リヴァイとエルヴィンはまだ書き終わっていないのか、そこにはいない。
「あ、名前副兵長!ここに居たんですかっ」
ソファに腰掛けている名前の隣に嬉しそうな声を上げながら座ったエレン。
ぶんぶんぶん、と機嫌よさげに振られる尻尾が見えたような気がして、思わず彼らは目を擦ってしまったがそこには何もなく。
名前は苦笑を浮かべつつ、嬉しそうに顔を綻ばせているエレンの頭を優しく撫でた。
「あー…エレン、幸せそうだな…」
「副兵長大好きだからな」
「まさにあざとエレンね…」
口々にそう言いながらも、ハンジにアンケート用紙を手渡すリヴァイ班の彼ら。
受け取ったハンジはありがとー、と軽く声を上げながら、どれどれと用紙に視線を走らせる。
「ほぉー、やっぱり個性が出るねぇ」
『皆なんて書いたの?』
名前が視線を向ければ、彼らは口々に自身が書いた好物を挙げていく。
高級品とされて滅多に食べられないものから、家庭の味と言わんばかりのそれと、確かに個性豊か。

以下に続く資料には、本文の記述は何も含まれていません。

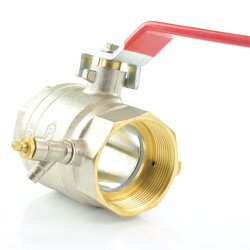 Messingkugelhahn mit Entleerung 2x Innengewinde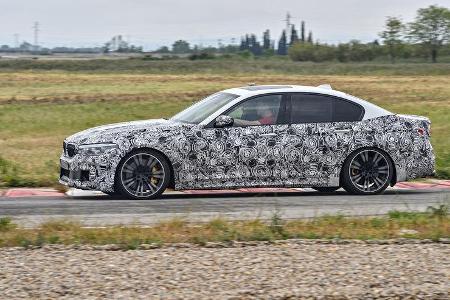 BMW M5 Predrive Miramas 2017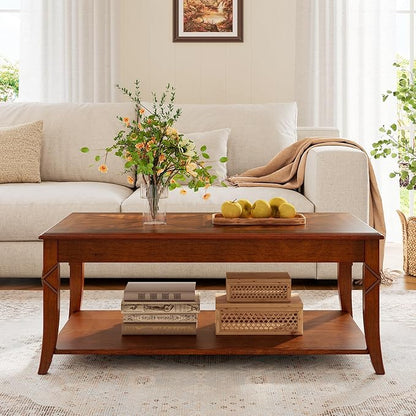 PADMA HOUSE Solid Wood Coffee Table - Image 3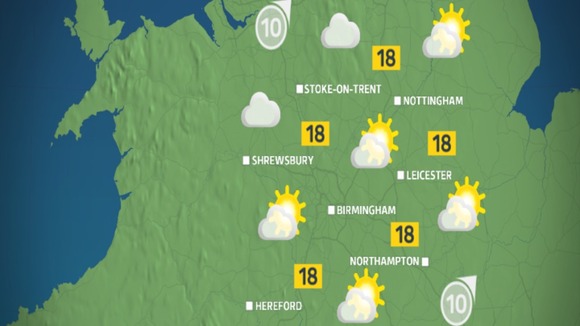 Sunday afternoon's weather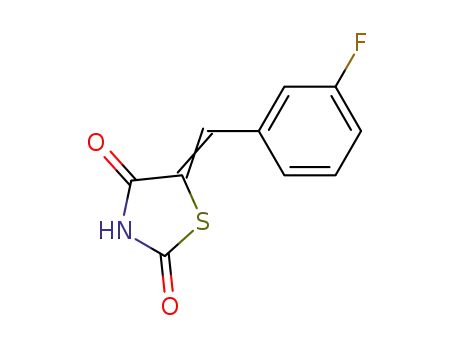 Molecular Structure of 262601-88-7 (2,4-Thiazolidinedione, 5-[(3-fluorophenyl)methylene]-)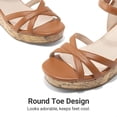 thumbnail image 5 of DREAM PAIRS Girls' Wedge Heel Sandals with Adjustable Strap, Non-Slip Sole Dress Sandals for Kids, 5 of 6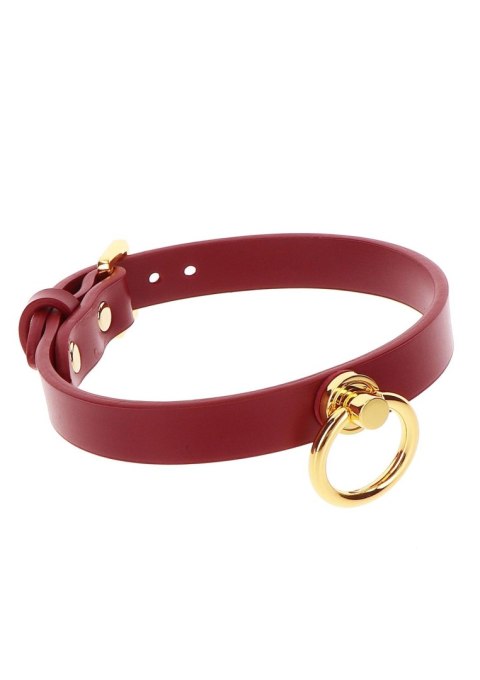 O-Ring Collar Red kołnierz BDSM O-Ring Collar Red kołnierz BDSM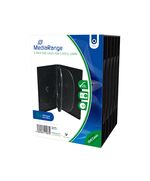 MEDIARANGE DVD CASE FOR 5 DISCS 22MM BLACK PACK 5 (MRBOX35-5)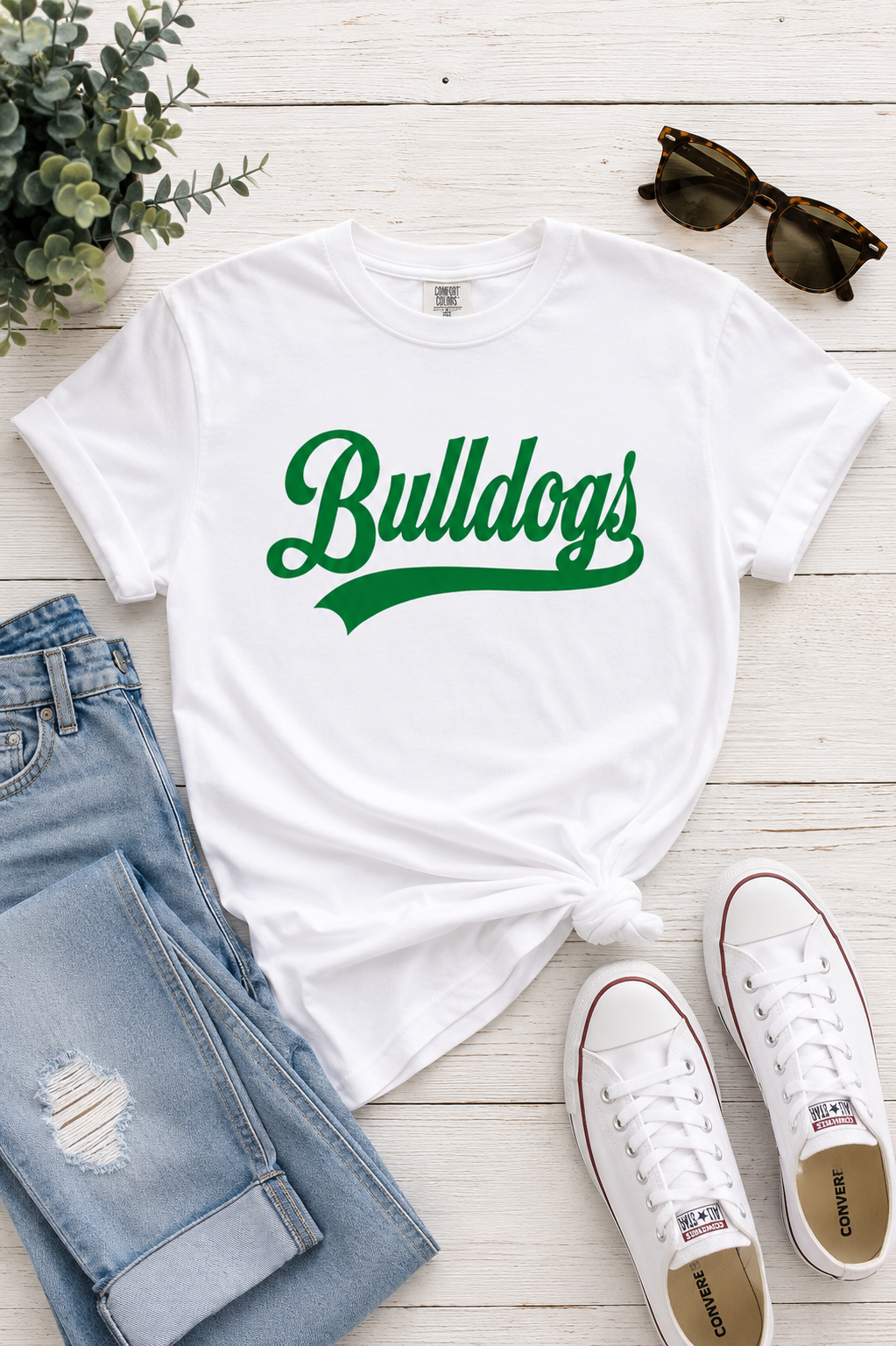 Bulldogs Comfort Colors Tee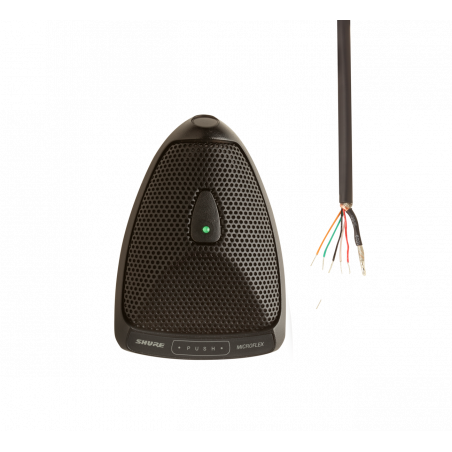 Mic. mini Superficie Supercard. Interruptor y LED. Salida cable inferior.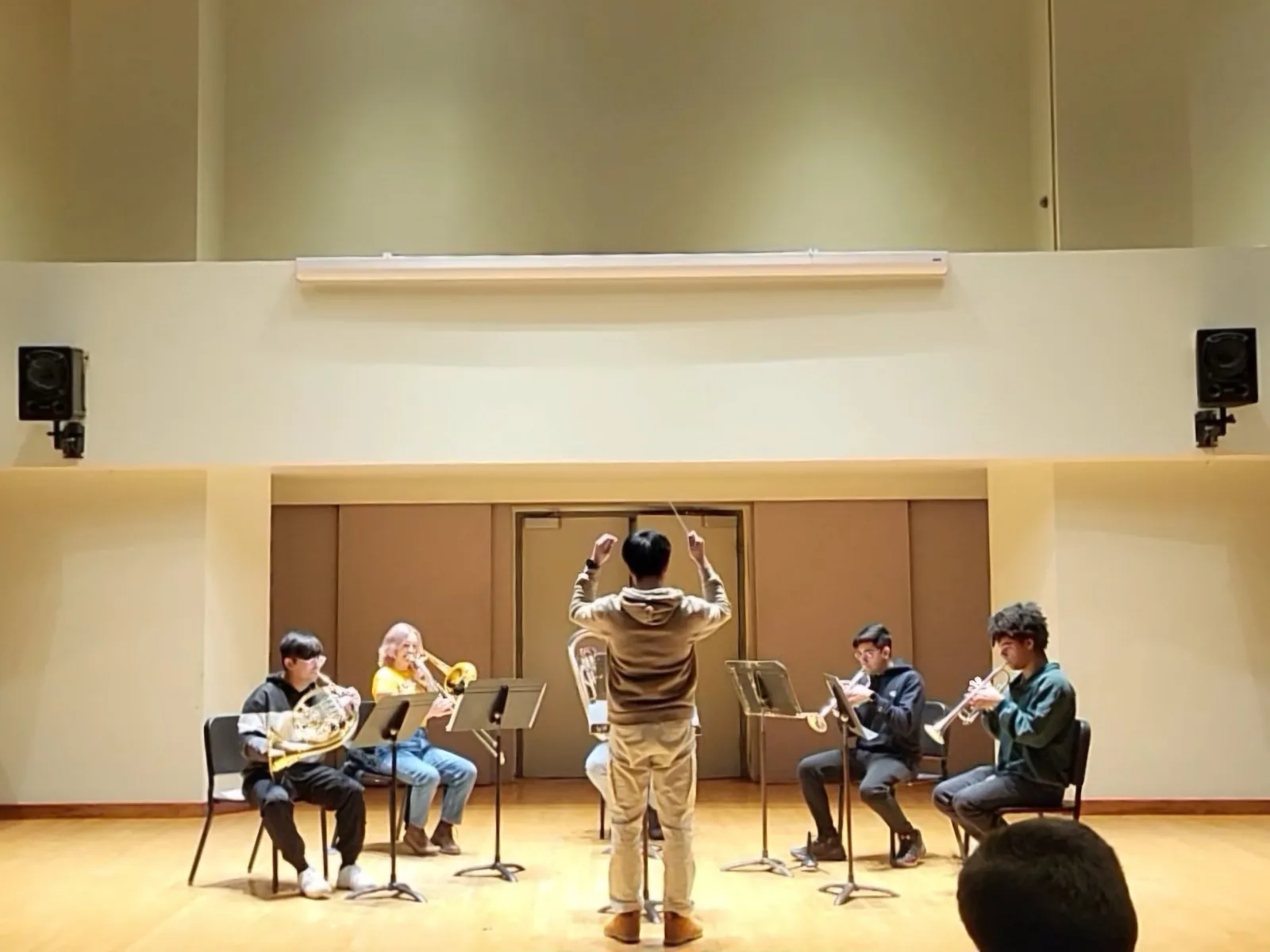 Conducting in Orchestration Class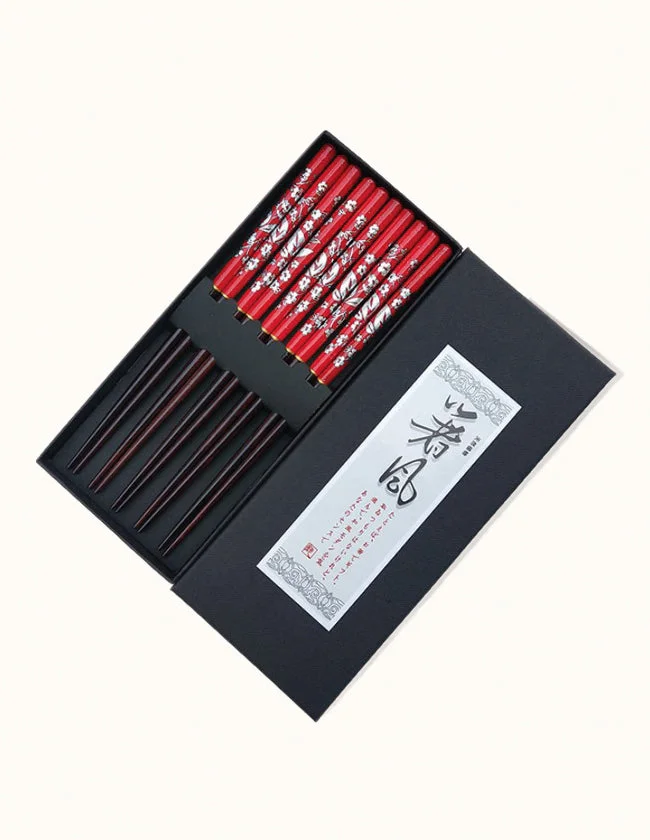 Baguettes Chinoises rouges et noires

自分はなんて書こうか、と再び頭を悩ませ始めた時、ミケが、エルヴィンが名前を呼んでいる、と伝えきた。
『、エルヴィンさんが?』
「団長室で待つ、と」
『分かりました…ハンジさん、あとで書いて持ってきますね』
「うん。ここに居るからー」
折角手に取ったペンをペン立てに戻し、アンケート用紙片手に談話室を出て行った名前。
副兵長がいないなら、と戻ろうかと立ち上がったエレンに続いてリヴァイ班の彼らも退室しようとするが、彼らの誰かた扉のドアノブに触れる前に、がちゃり、と廊下の方から扉が開けられた。
「クソメガネ…また訳の分かんねえ紙寄越しやがって」
「あ、リヴァイ」
「「「兵長!」」」
「、なんだ、お前達もここに居たのか」
「はい、さっきハンジ分隊長に渡したところで」
そう言う彼らの視線が落ちた先には、リヴァイの持っているアンケート用紙。
ご丁寧に見られないように裏側にされており、彼らにはリヴァイの好物が何と書かれているかを見ることは出来なかった。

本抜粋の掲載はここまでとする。